He was profuse in his expressions of regret, and began with apparent eagerness to turn over all the goods on the counter, while the girls watched anxiously. But there was no sign of the purse to be seen.

Just then the manager of the store came along, an alert, keen-eyed man, and seeing the little commotion about the counter, asked courteously if he could be of any assistance.

He listened carefully to what Cora had to say.

“It’s singular,” he said. “There doesn’t seem from what you say to have been anybody standing close by within the last few minutes. Are you quite sure that you had the purse when you came to this counter?”

“Positive,” replied Cora. “I haven’t moved from here since I took the bill out of the purse to pay for the goods I bought.”

“Have you made a careful search, Higby?” asked the manager, fixing his sharp eyes upon the clerk as though he would read him through and through.

“Yes, sir,” replied Higby; “but I’ll go through the goods again to make sure.”

He tossed the bolts of cloth about vigorously, and after a moment gave an exclamation of triumph.

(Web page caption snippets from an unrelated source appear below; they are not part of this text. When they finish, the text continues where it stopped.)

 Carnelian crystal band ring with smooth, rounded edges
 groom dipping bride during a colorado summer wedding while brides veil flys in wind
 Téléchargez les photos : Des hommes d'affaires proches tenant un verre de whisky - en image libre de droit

“Here it is!” he cried. “Is this your purse, miss?” he asked, holding the article out to Cora.

The latter pounced upon it with a little squeal of delight.

“Oh, yes, that’s it!” she exclaimed. “Thank you ever so much.”

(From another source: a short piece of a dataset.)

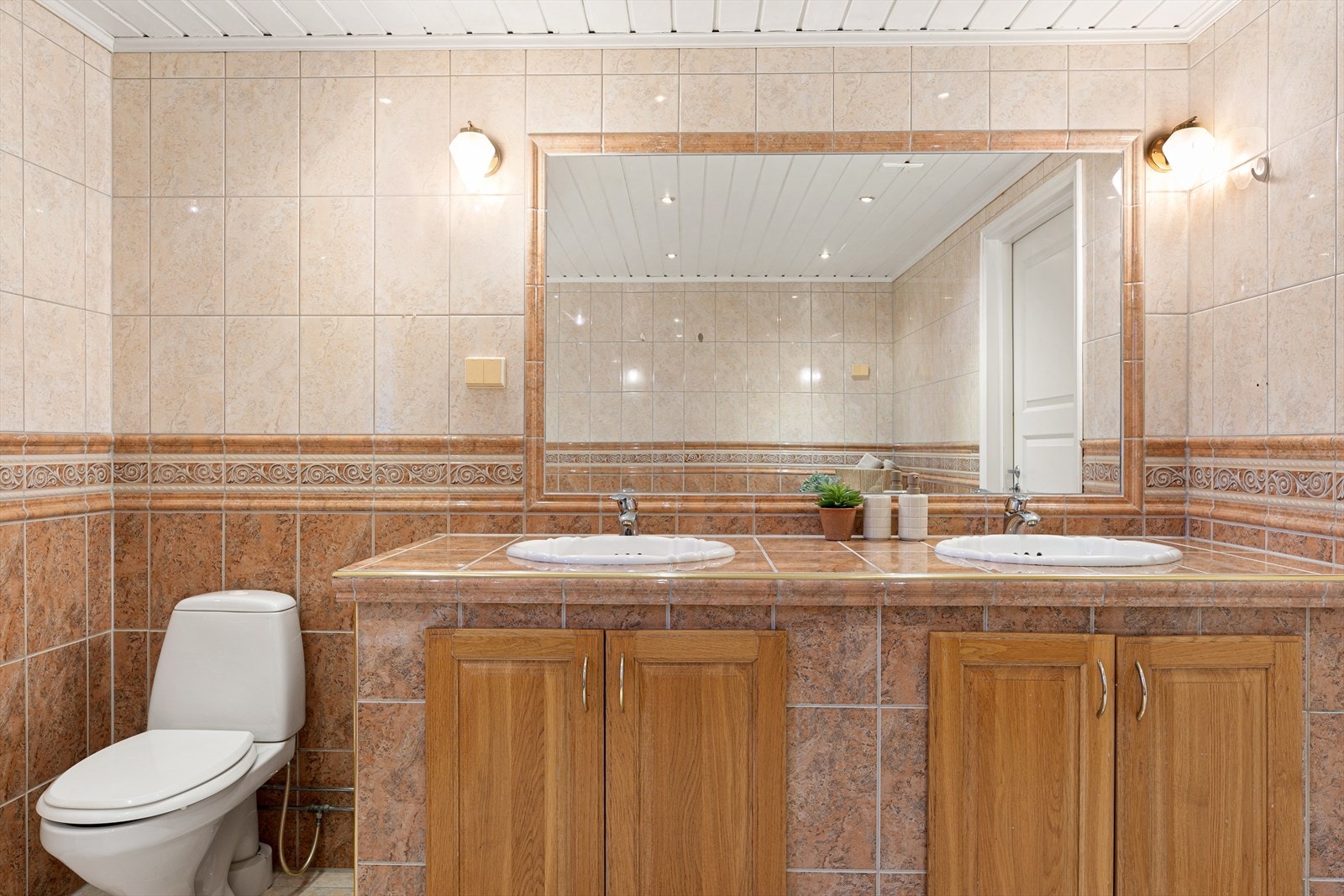 Badet består av gulvmontert toalett, to servanter med oppbevaringshyller og frittstående badekar Galleribilde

“You would better look over the money to make sure it is all there,” suggested the manager.

Cora ran hastily over the roll of bills.

“It’s all right,” she announced in a tone of relief.

The manager expressed his gratification at its recovery, coupled with an expression of regret at the annoyance she had suffered, and the missing change having come by this time, the girls hurriedly gathered their purchases together and left the store.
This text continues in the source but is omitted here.